▶ **Directions for this task**
Omit all pictures, and print word for word only the lines from the one containing "Gradient Modern Voltanic" through the end of the data.

══ Excerpted data ══

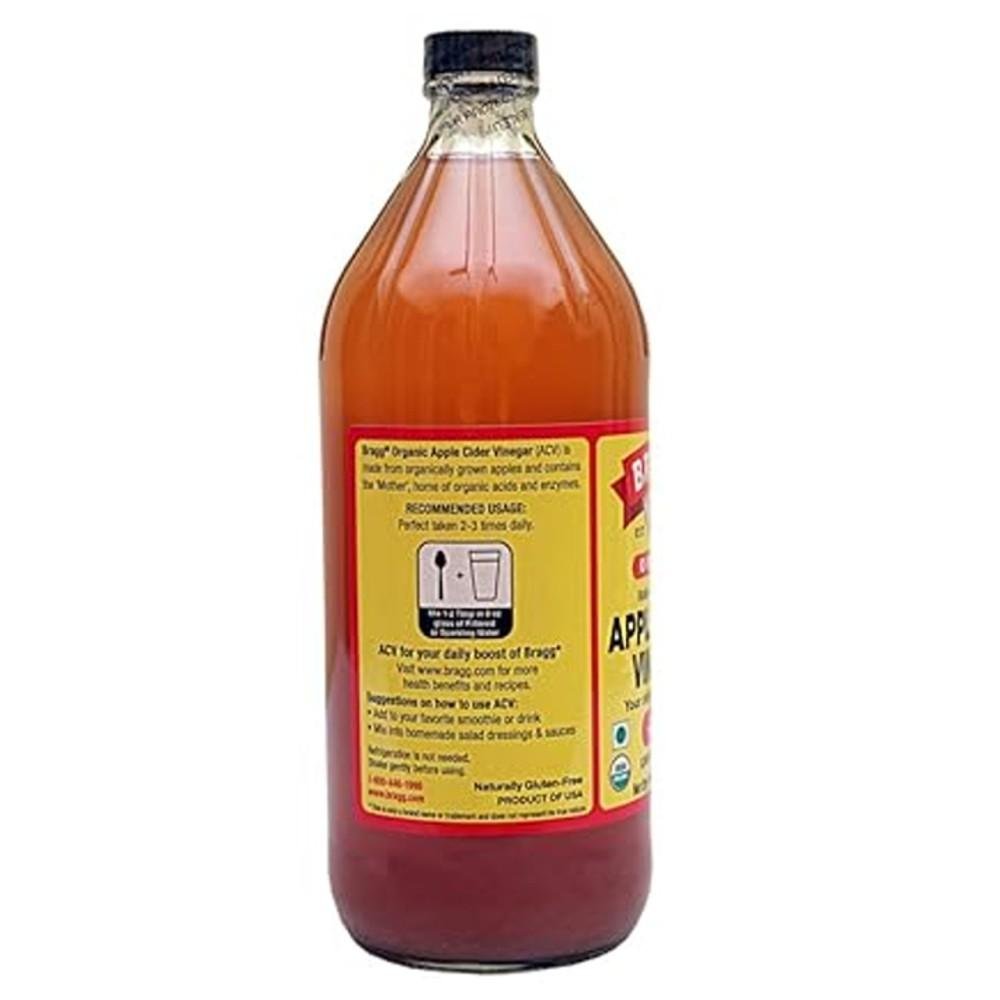 Bragg Organic Raw UnFiltered Apple Cider Vinegar (32 oz) thumbnail 3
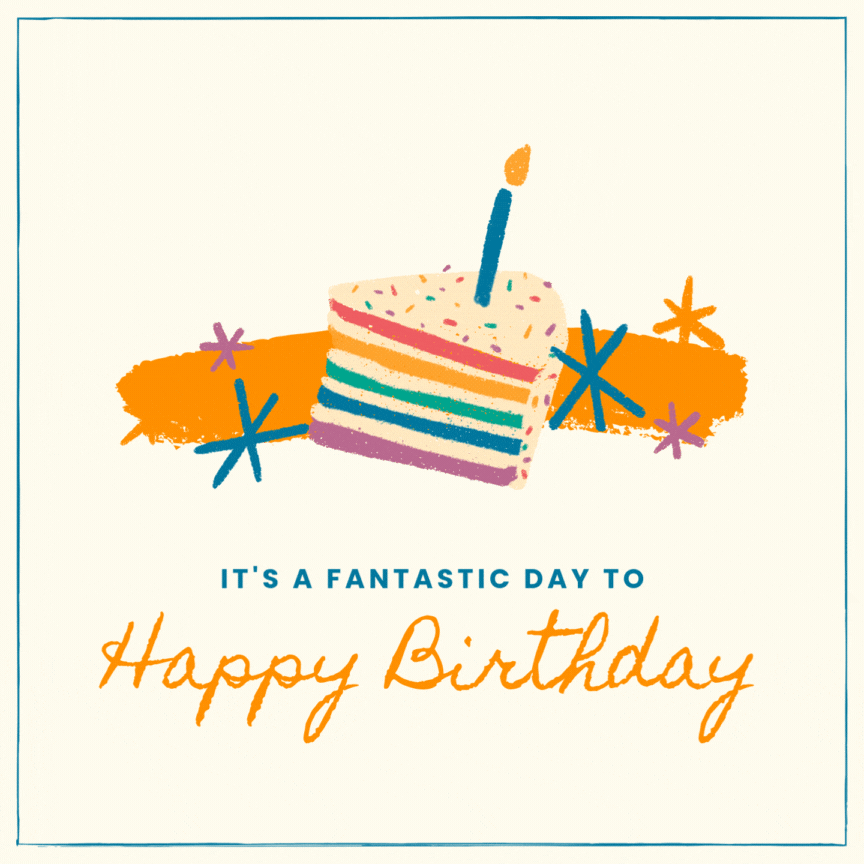 Happy birthday GIF pics for WhatsApp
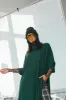 Lala Icon Mock Neck Top in Emerald sold by Dressed In Lala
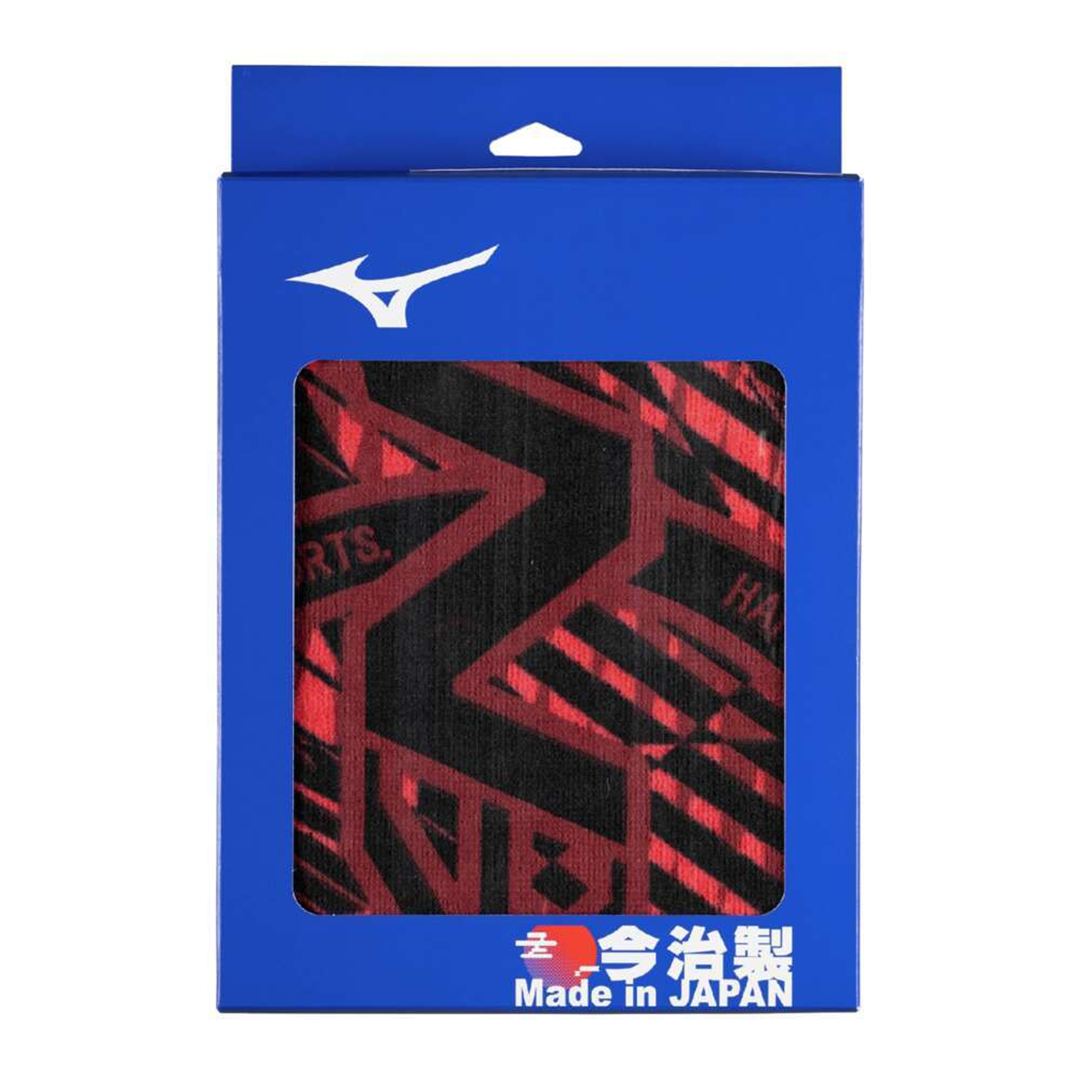 今治製タオル／N-XTフェイスタオル(箱入り) レッド×ブラック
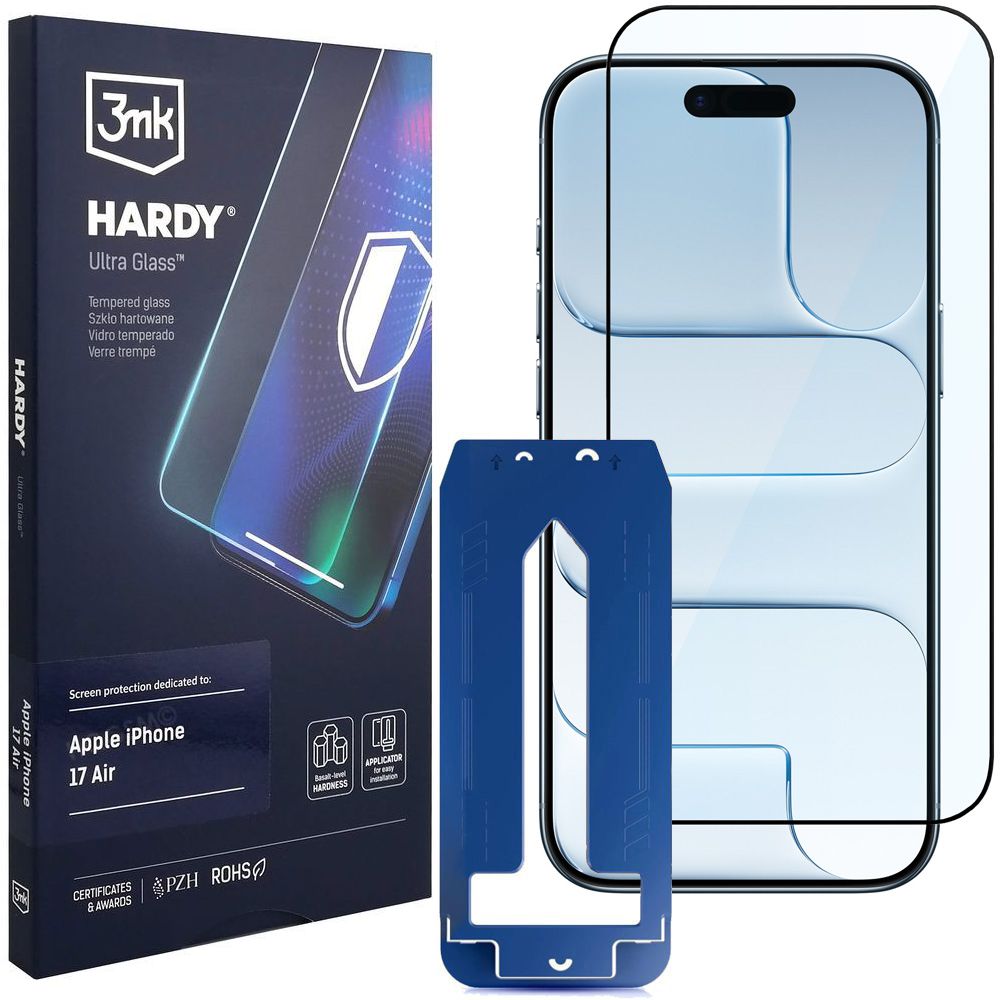 3mk HARDY Glass | Szkło Hartowane PREMIUM 9H do Apple iPhone Air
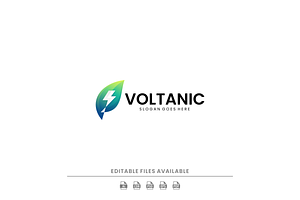 Gradient Modern Voltanic Logo Design, a Branding & Logo Template by Artnivora.Std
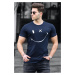Madmext Navy Blue T-Shirt 5060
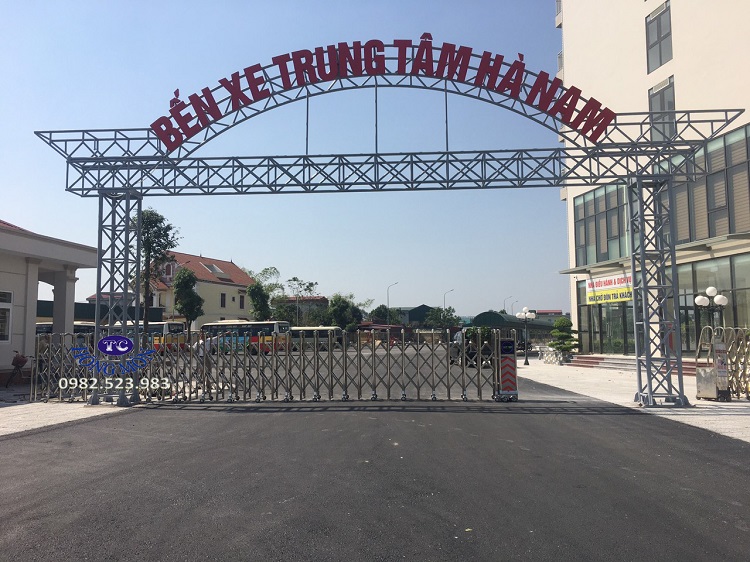 Lắp đặt cổng xếp tự động tại Bến xe trung tâm tỉnh Hà Nam
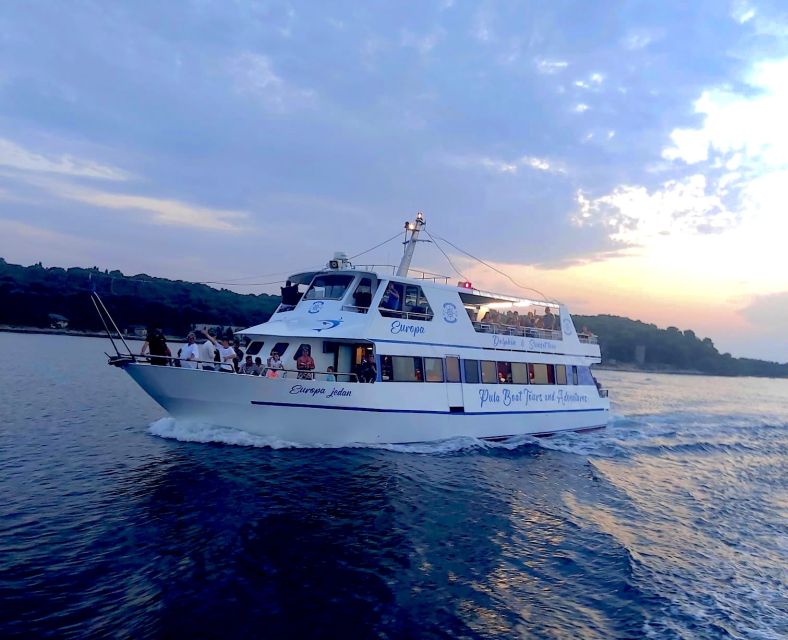 Pula: Dolphin&Sunset Cruise in Brijuni with Dinner&Drinks - Key points before you book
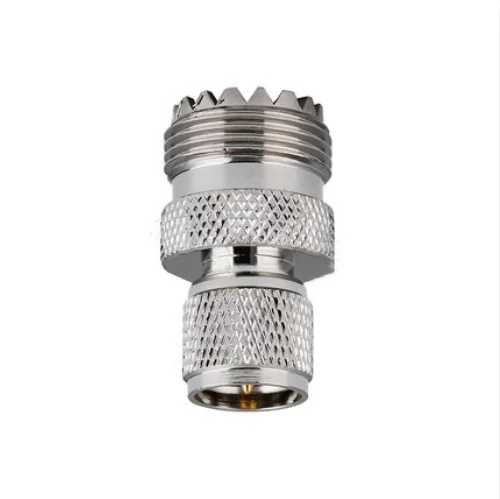 1pcs mini UHF Male to UHF PL259 Female jack Straight RF Coaxial Adapter Connectors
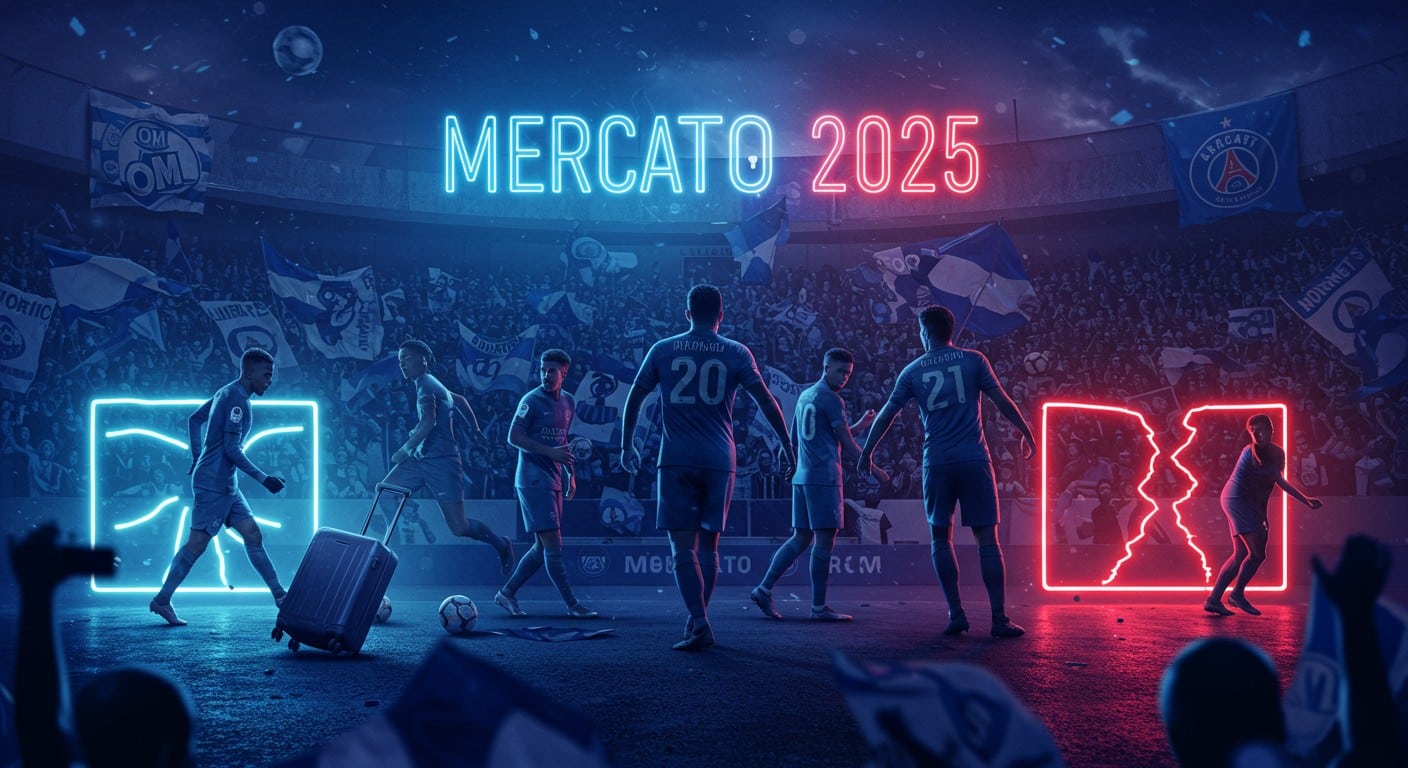 Le mercato de l'OM s'enflamme ! Rabiot, Rowe, et une dizaine de transferts à venir. Découvrez les coulisses et les enjeux de cette fin de mercato agitée.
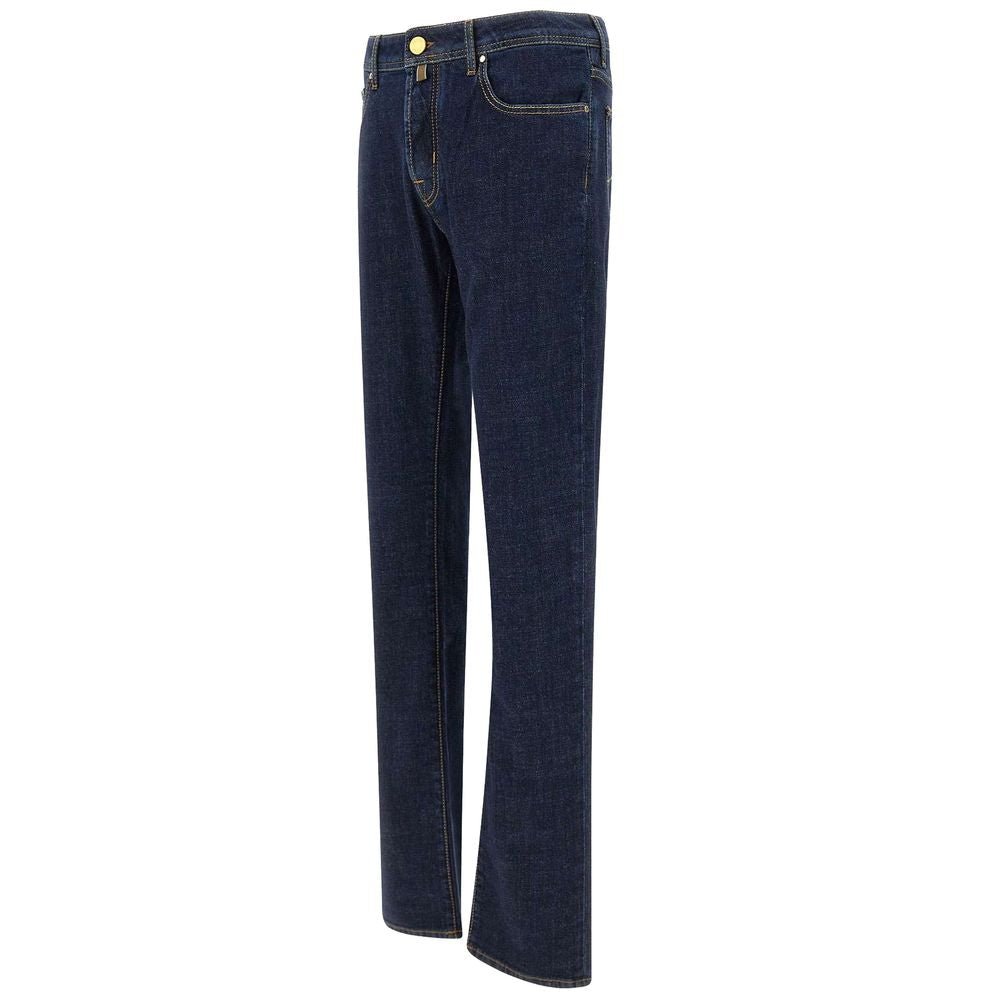 Blue Stretch Denim Men's Jeans Jacob Cohen
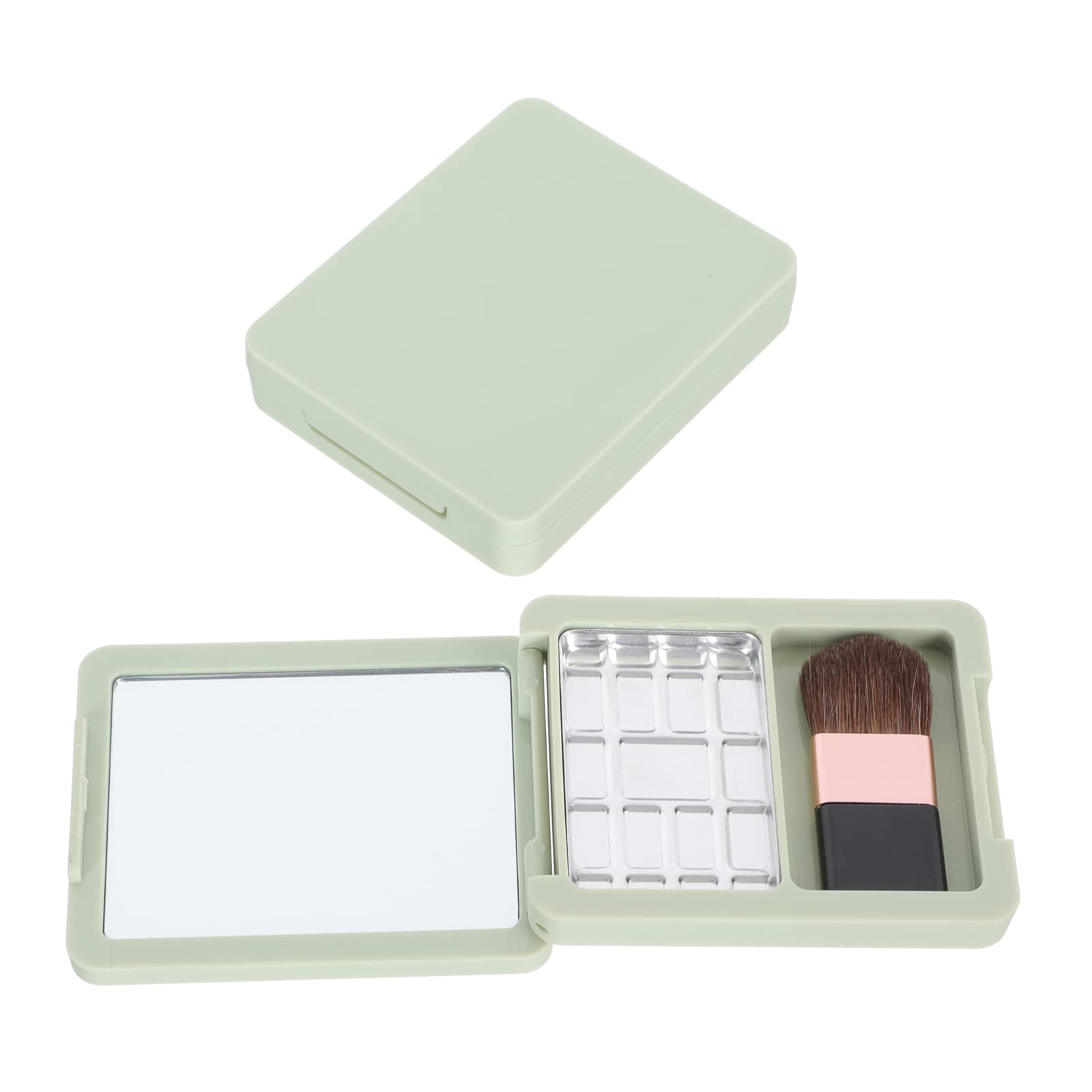 Lurrose 2-Pack Refillable Blush & Eyeshadow Palette - Empty Pressed Powder Case with Rubber Seal for Makeup Artists & Travel | DIY Cosmetic Kit, Highlighter & Blusher Storage Solution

═══

▶ **Answer to this exercise**
 Gradient Modern Voltanic Logo Design, a Branding & Logo Template by Artnivora.Std
Madmext Navy Blue T-Shirt 5060
 Lắp đặt cổng xếp tự động tại Bến xe trung tâm tỉnh Hà Nam
 Pula: Dolphin&Sunset Cruise in Brijuni with Dinner&Drinks - Key points before you book
 1pcs mini UHF Male to UHF PL259 Female jack Straight RF Coaxial Adapter Connectors
 Le mercato de l'OM s'enflamme ! Rabiot, Rowe, et une dizaine de transferts à venir. Découvrez les coulisses et les enjeux de cette fin de mercato agitée.
 Blue Stretch Denim Men's Jeans Jacob Cohen
 Lurrose 2-Pack Refillable Blush & Eyeshadow Palette - Empty Pressed Powder Case with Rubber Seal for Makeup Artists & Travel | DIY Cosmetic Kit, Highlighter & Blusher Storage Solution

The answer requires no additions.